Thursday, July 19, 2012
The SEC charged Manouchehr Moshayedi, the chairman and CEO of STEC Inc., a Santa Ana, Calif.-based computer storage device company, with insider trading in a secondary offering of his stock with knowledge of confidential information that a major customer’s demand for one of its most profitable products was turning out to be less than expected.
According to the SEC, Moshayedi sought to take advantage of a dramatically upward trend in the stock price of STEC Inc. by selling a significant portion of his stock holdings as well as shares owned by his brother, a company co-founder. The secondary offering was set to coincide with the release of the company’s financial results for the second quarter of 2009 and its revenue guidance for the third quarter. However, in the days leading up to the secondary offering, Moshayedi learned critical nonpublic information that was likely to have a detrimental impact on the stock price. Moshayedi did not call off the offering and abstain from selling his shares once he possessed the negative information unbeknownst to the investing public. Instead, he engaged in a fraudulent scheme to hide the truth through a secret side deal, and proceeded with the sale of 9 million shares from which he and his brother reaped gross proceeds of approximately $134 million each.
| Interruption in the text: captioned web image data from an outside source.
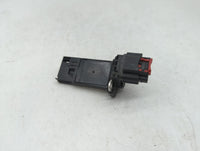 2014-2019 Gmc Sierra 1500 Mass Air Flow Meter Maf - Oemusedautoparts1.com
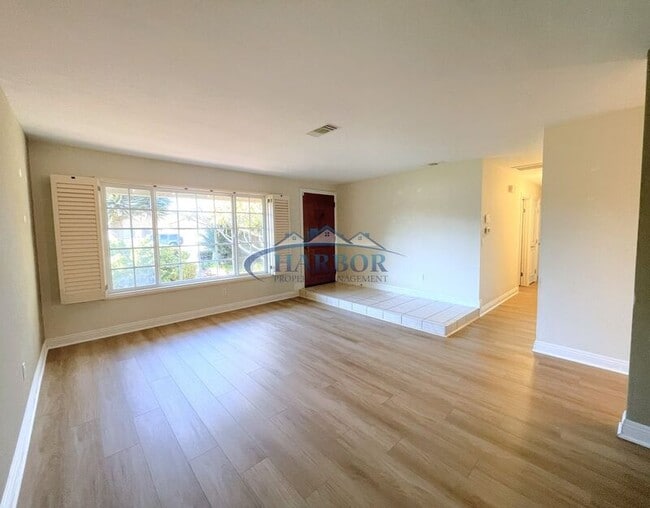 23708 President Ave in Los Angeles, CA - Building Photo - Building Photo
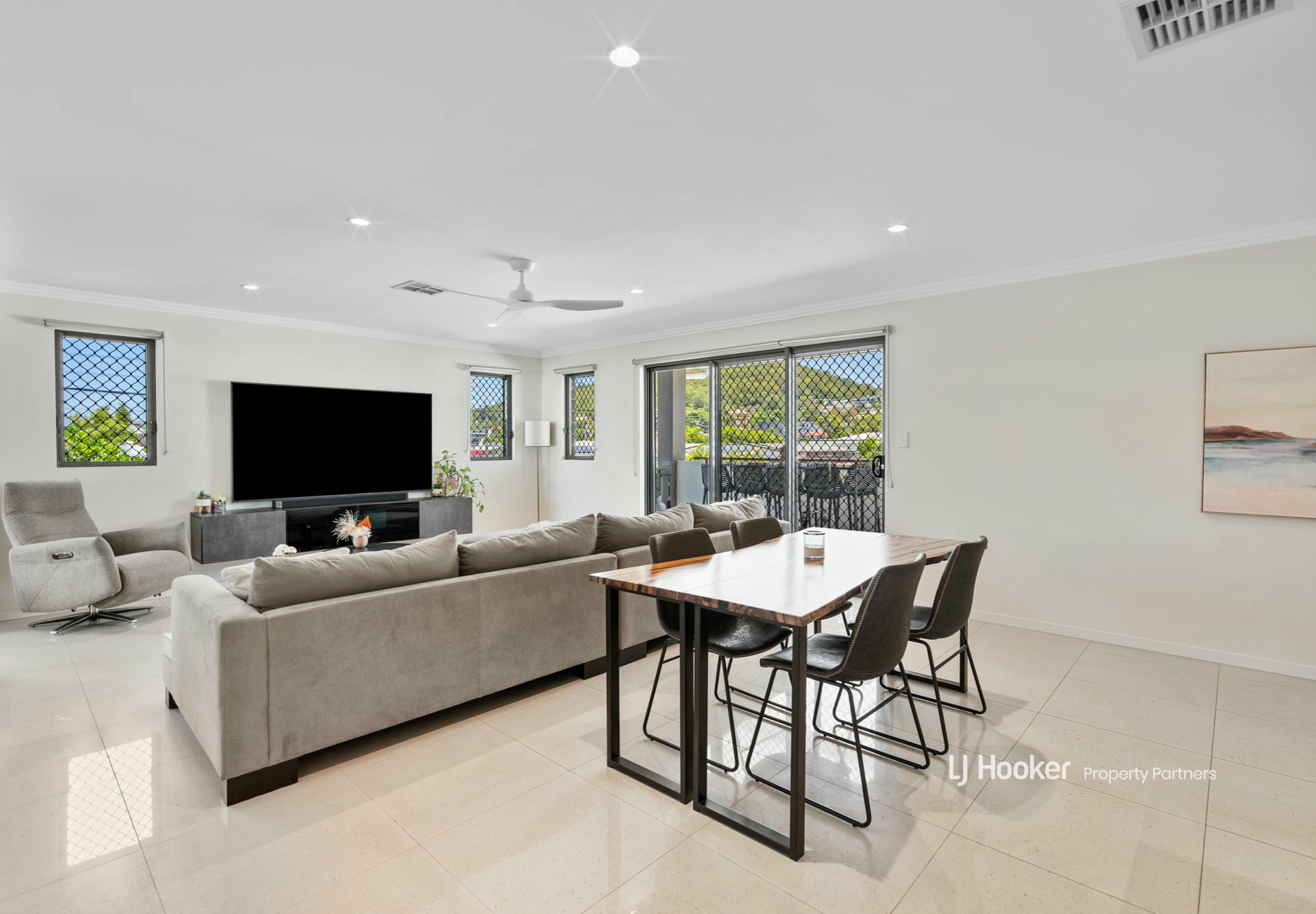 8/2 Clausen Street, MOUNT GRAVATT EAST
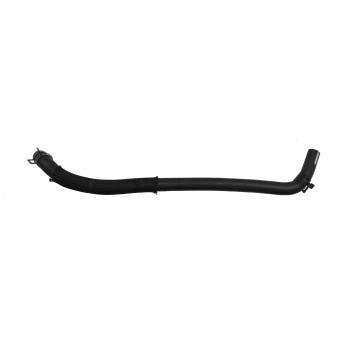 Rein Automotive PSH0336 - Power Steering Return Hose Rein Automotive PSH0336 Power Steering Return Hose product image 2 of 9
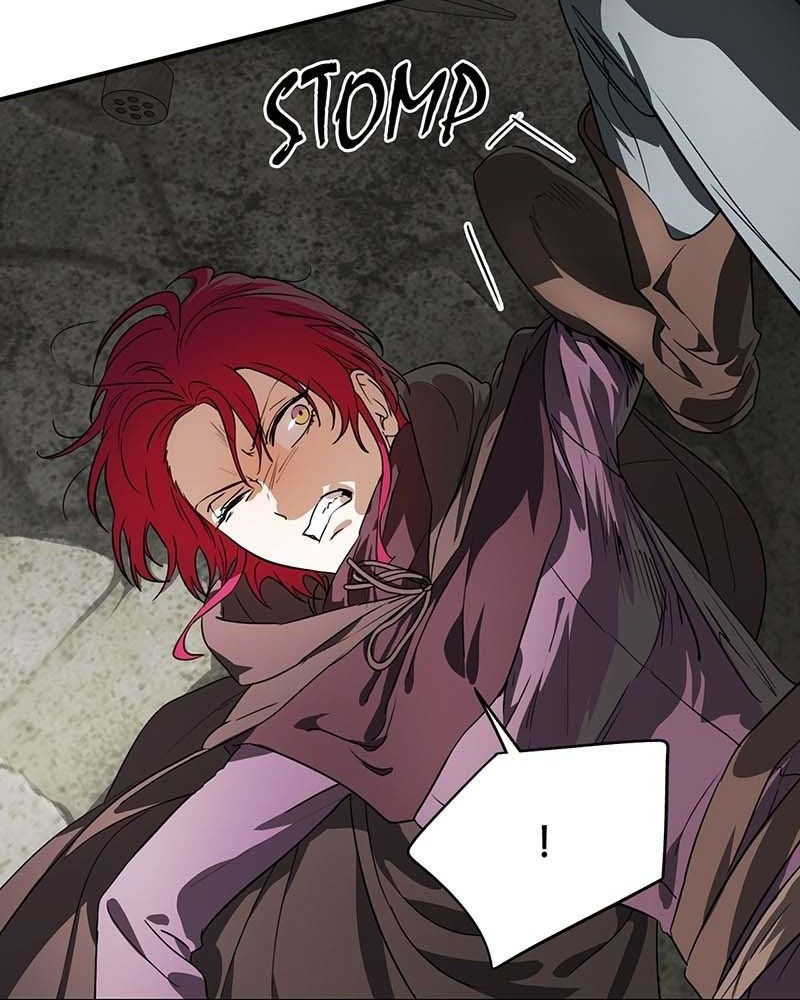 Bị Che Khuất Bởi Mặt Trời Lặn Chapter 163 - Trang 2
The SEC’s complaint charges Moshayedi with violating the anti-fraud provisions of U.S. securities laws and seeks a final judgment ordering him to disgorge his own ill-gotten gains and the trading profits of his brother Mehrdad Mark Moshayedi, pay prejudgment interest and financial penalties, and be permanently barred from future violations and from serving as an officer and director of any registered public company.